Die Fakultät für Biologie hat für die Vergabe der Zuweisungen aus Studienbeiträgen mit Beschluss der FaKo eine Studienbeitragskommission (SBK) gebildet, der 3 Vertreter der Studierenden sowie „qua Amt“ der bzw. die Vorsitzende der Lehrkommission, der Beauftragte für Studienangelegenheiten (Studiendekan) sowie der Dekan angehören. Die SBK tagt i.d.R. 2x im Semester, - bisher wurden alle Entscheidungen einstimmig gefasst.
In den ersten Semestern stand bei den Anträgen und den entsprechenden Bewilligungen die Verringerung der Gruppengrößen im Vordergrund, die primär in Form einer Erweiterung der vorhandenen apparativen Ausstattung stattfand. Die in den verschiedenen biologischen Praktika früher übliche Gruppengröße von 3 Studierenden pro Gerät konnte so weitestgehend auf 2 Personen verbessert werden. Flankiert wurde dies durch die Ausstattung einer Reihe von Übungs- und Seminarräumen mit leistungsstarken Beamern.

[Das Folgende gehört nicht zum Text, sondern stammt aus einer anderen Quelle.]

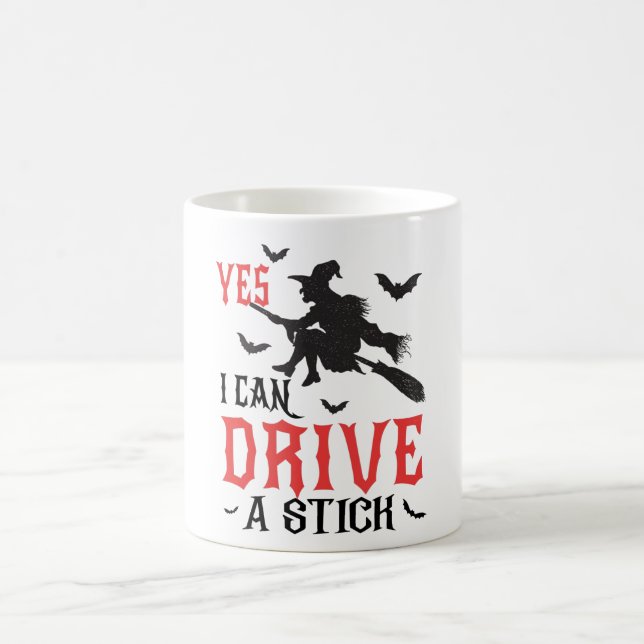 Ja, ich kann einen Stock fahren Kaffeetasse (Mittel)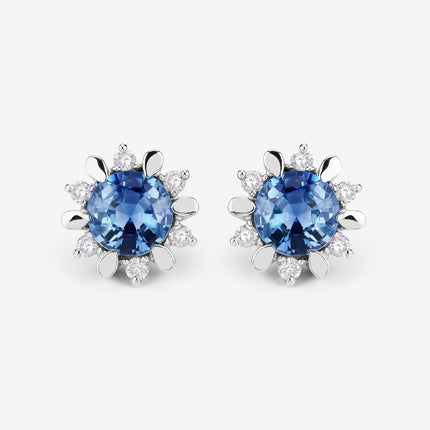 1.87 Carat Genuine Blue Sapphire and White Diamond 14K White Gold Earrings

Nach Wegfall der getrennten NC-Zulassung für den Biologiediplom- bzw. die Lehramtsstudiengänge, die früher de facto eine 1:1 Aufteilung aufwiesen, stieg der Anteil an Studierenden mit LA-Wunsch bis auf 85% an. Er hat sich jetzt bei ca. 75% eingependelt. Dies erforderte in den fachdidaktischen Veranstaltungen kurzfristig eine deutliche personelle Verstärkung, um nicht die Gruppengrößen in den Veranstaltungen auf didaktisch unverantwortbare Werte ansteigen zu lassen. Erreicht wurde dies durch die Bewilligung sowohl befristeter Personal-Maßnahmen für einzelne Veranstaltungen als auch durch die längerfristig angelegte Einrichtung einer weiteren Mitarbeiterstelle im Bereich der Fachdidaktik Biologie. Auch die Erweiterung der fachdidaktischen Ausbildung um den Aspekt der Begabtenförderung wurde von der SBK mehrfach unterstützt. Zwischen 25 und 30% der verfügbaren Pauschalmittel werden der Fachdidaktik Biologie ständig für solche Maßnahmen zugewiesen.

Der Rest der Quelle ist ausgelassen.